‘But many things are needed, of course. We need to talk about the qualifying period for sick pay in relation to absences caused by menstruation, for example. We need more research about menstruation-related conditions and more aid money could be allocated to menstruation-related efforts.’
Chris Bobel is a professor of women’s, gender, and sexuality studies at the University of Massachusetts in Boston. She is also the president of the Society for Menstrual Cycle Research (SMCR), a transnational organisation that promotes research about menstruation. When I meet her in Boston in June 2015, at the menstruation conference that SMCR organises every other year, she is on the go, with glowing cheeks, ruffled hair, and a happy smile. Almost exactly one year later, she writes in an email about the dramatic increase in media attention for the issue of menstruation in the US during the last few years. She calls the extensive feature on menstruation in the magazine Newsweek in April 2016 ‘HISTORIC!’ A vicious circle of silence may have been broken, she thinks: ‘I think the marginalization of the research is the consequence of the devious brilliance of the menstrual stigma. Ignorance breeds shame and shame breeds ignorance.’
In the book New Blood: Third-Wave Feminism and the Politics of Menstruation (2010), she examines the place of menstruation in the feminist movement in the US today. She divides the feminists interested in menstruation into two categories. Those she calls ‘feminist-spiritualists’ embrace menstruation as a source of female pride.
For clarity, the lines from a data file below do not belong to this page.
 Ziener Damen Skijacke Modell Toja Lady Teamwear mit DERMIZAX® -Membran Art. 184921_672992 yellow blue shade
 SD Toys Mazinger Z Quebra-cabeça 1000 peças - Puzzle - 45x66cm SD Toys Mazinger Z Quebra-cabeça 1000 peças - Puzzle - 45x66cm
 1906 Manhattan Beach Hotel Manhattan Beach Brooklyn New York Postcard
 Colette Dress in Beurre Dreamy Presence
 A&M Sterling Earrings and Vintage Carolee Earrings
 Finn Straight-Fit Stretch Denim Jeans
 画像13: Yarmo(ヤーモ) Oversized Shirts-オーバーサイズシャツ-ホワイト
The ‘radical feminists’ separate menstruation from the gendered body and talk about menstruators, not women. She also writes via email: ‘Feminists of the previous generation were leery of drawing attention to menstruation – for fear that it would be used against women. There were feminists who addressed menstruation, but they were largely marginal. This does seem to be shifting now.’ A little later, she continues: ‘I just hope that we don’t cede this movement to the product makers.’
Chris Bobel expresses the same concern as so many others. The menstrual revolution – as she writes – becomes meaningless if it comes to revolve around products when we need to challenge the shame first.
* * *
The activists strike from below and those who work at the level of the UN create frameworks. The implementation falls to the national governments.
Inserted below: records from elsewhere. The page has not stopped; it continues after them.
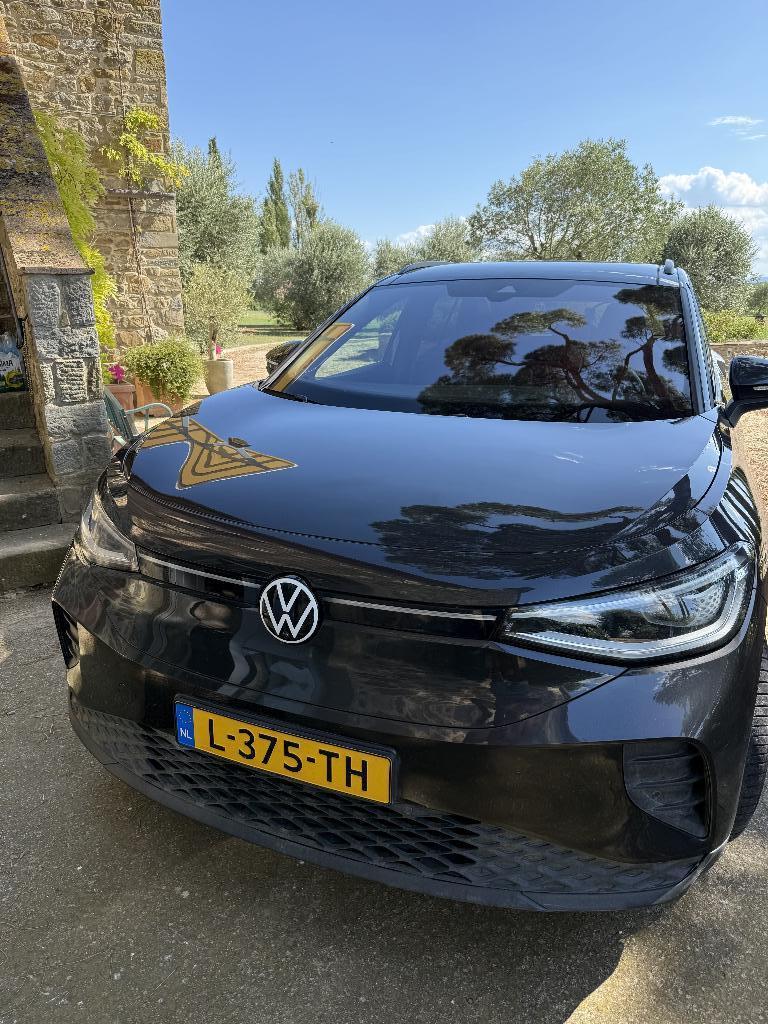 Volkswagen ID.4 PRO MAX 77kWh 204pk Mangan grey, Auto's, 495 min, Parkeerassistent, Alcantara, Particulier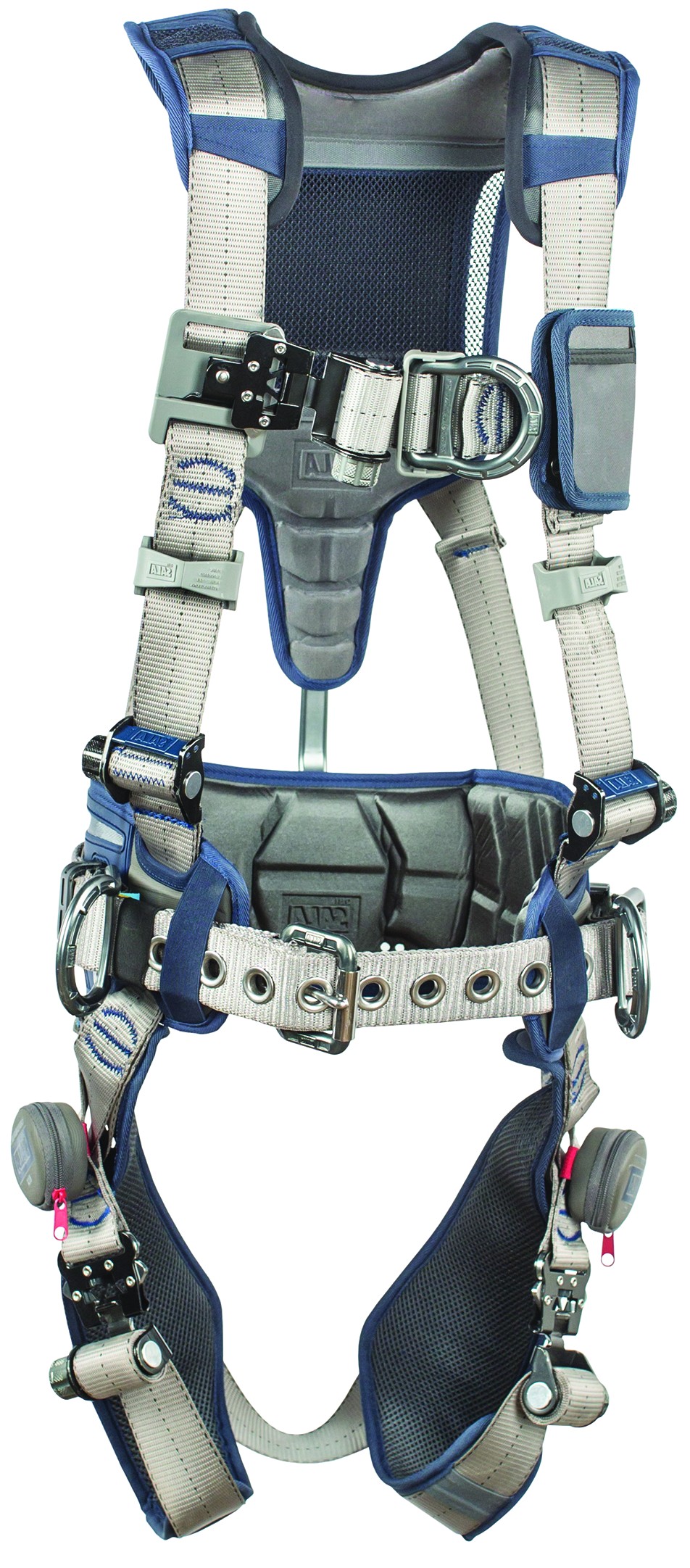 Construction style positioning/climbing harness w/ Revolver quick-connect legs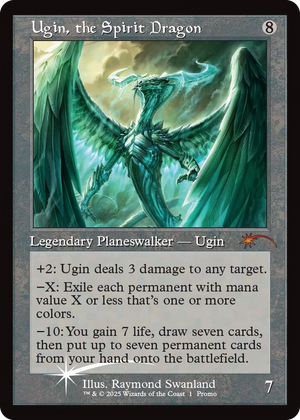 0001 Ugin, the Spirit Dragon (Retro Frame) P MagicFest Cards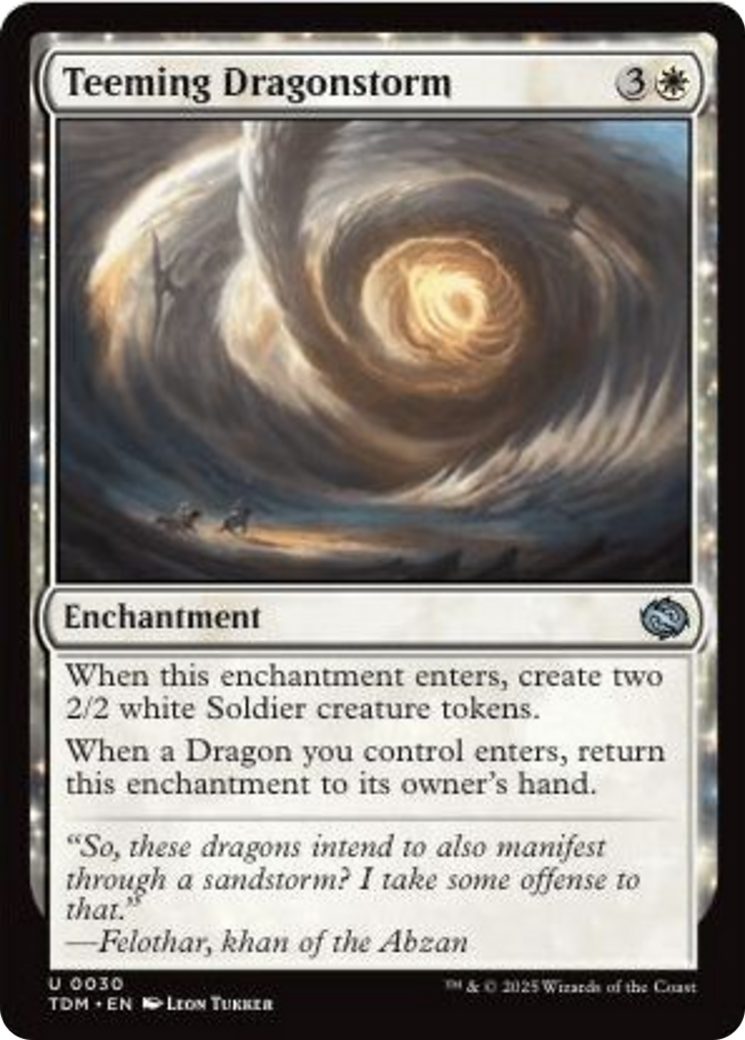 Teeming Dragonstorm [Tarkir: Dragonstorm] | Galactic Gamez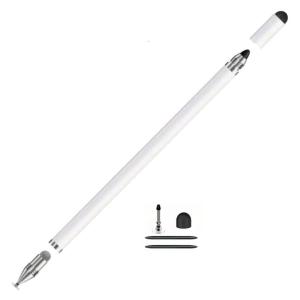 Universal Capacitive Styluses Pen 4 in 1 4Materials Tip for Smartphones Tablets Artists Professionals Students Travel Use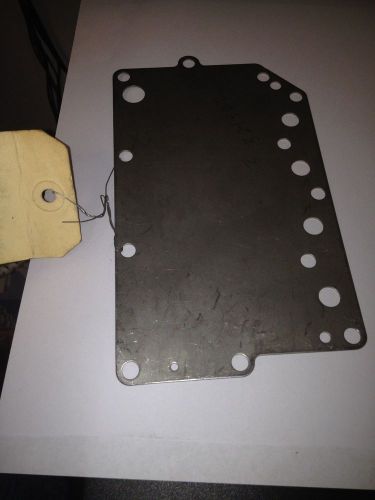 Omc johnson evinrude exhaust plate vintage 324322 new! free shipping!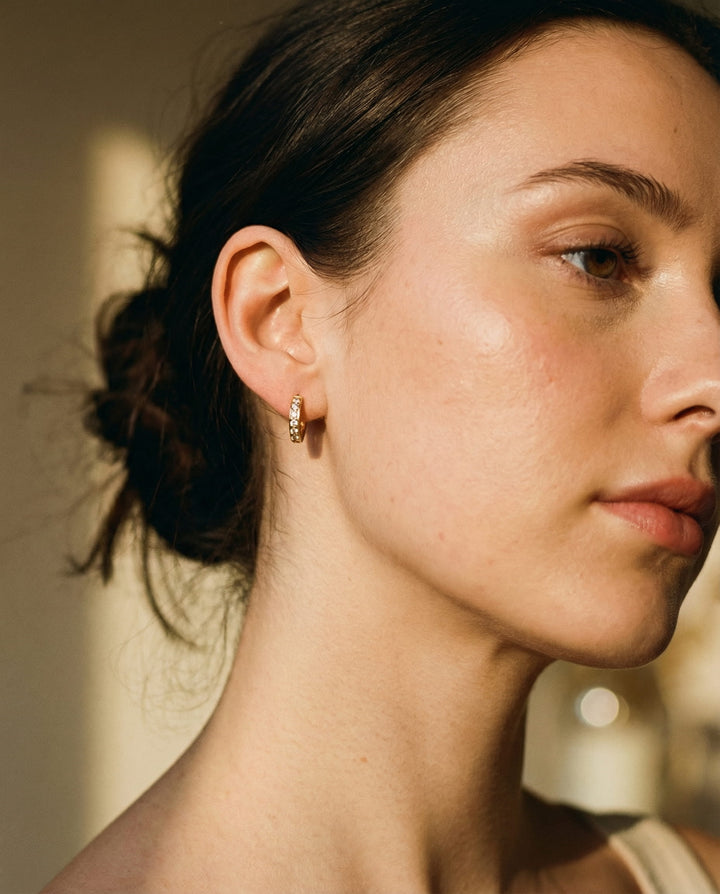 Gold Coastal Inspiration Drop Earrings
Archana Patkar takes a cough drop that smells of eucalyptus. She is wearing two bracelets with 22 yellow beads and 6 red to symbolise the menstrual cycle. It is time to let go a little of the global and focus on the local, she says, and with the local she means the national.
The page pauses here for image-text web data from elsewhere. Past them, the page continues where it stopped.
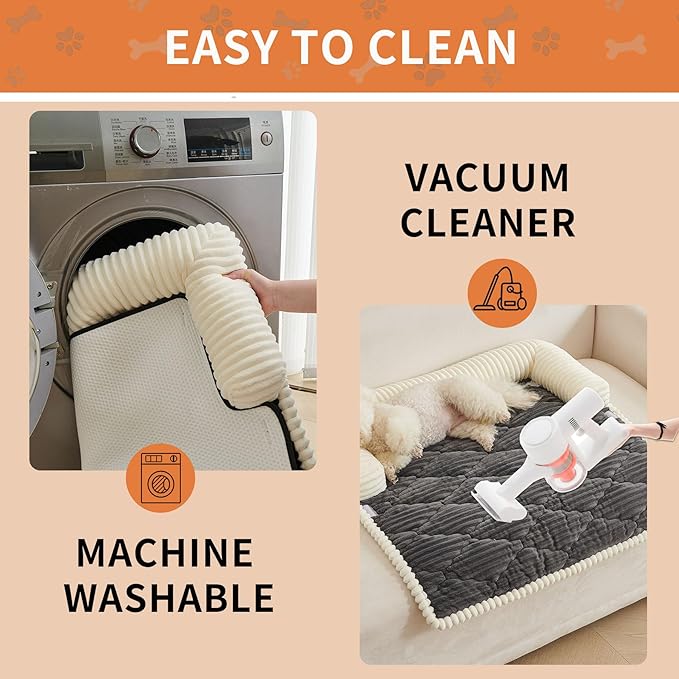HAOMAIJIA Dog Couch Bed for Medium Dogs, Non Slip Pet Couch Covers for Sofa - Image 7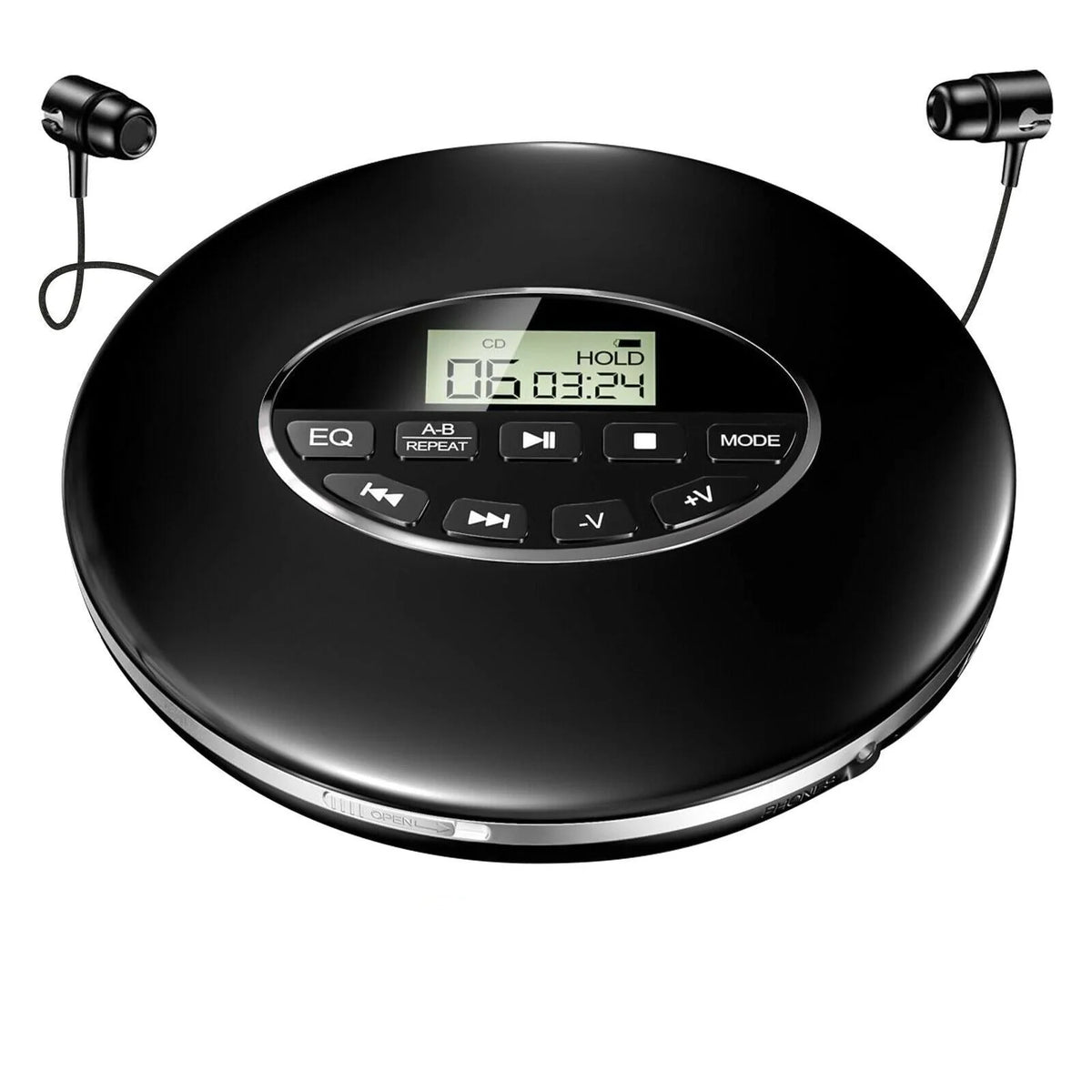 Portable CD Player Anti-Skip Battery & AC Power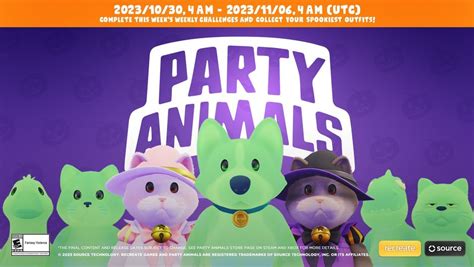 Party Animals Halloween event introduces themed skins and a new map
‘Menstrual management has to be included in national strategies, and it should be explicit – no circumlocutions. Money must be set aside.’
She wants to see less talk and more action. Archana Patkar has high hopes for national menstruation policies in Senegal, Cameroon, Niger, Tanzania, Kenya, Cambodia, Nepal, Bangladesh, Sri Lanka, and Bhutan – all of the countries where her organisation WSSCC works with menstruation.
She lists the three points that they cover in their menstrual education: breaking the silence, safe menstrual management, and strategies for waste disposal. She adds that, when time and money are lacking, the first is far more important than the other two. Breaking the silence.
‘There is so much ignorance and so many misconceptions. And there lies the root of the evil, of fear and trauma.’
It is up to the state to make sure that everyone has access to information, just like it is the state’s responsibility to provide conditions for safe and comfortable menstrual protection, the possibility to change and wash both at home and in schools or at jobs. It is the state that must put mechanisms for waste disposal in place.
‘But we need to remember that human rights are not just about the relationship between the state and the individual. The state also has to make sure that other actors don’t stand in the way of the individual’s rights, like employers and advertisers.’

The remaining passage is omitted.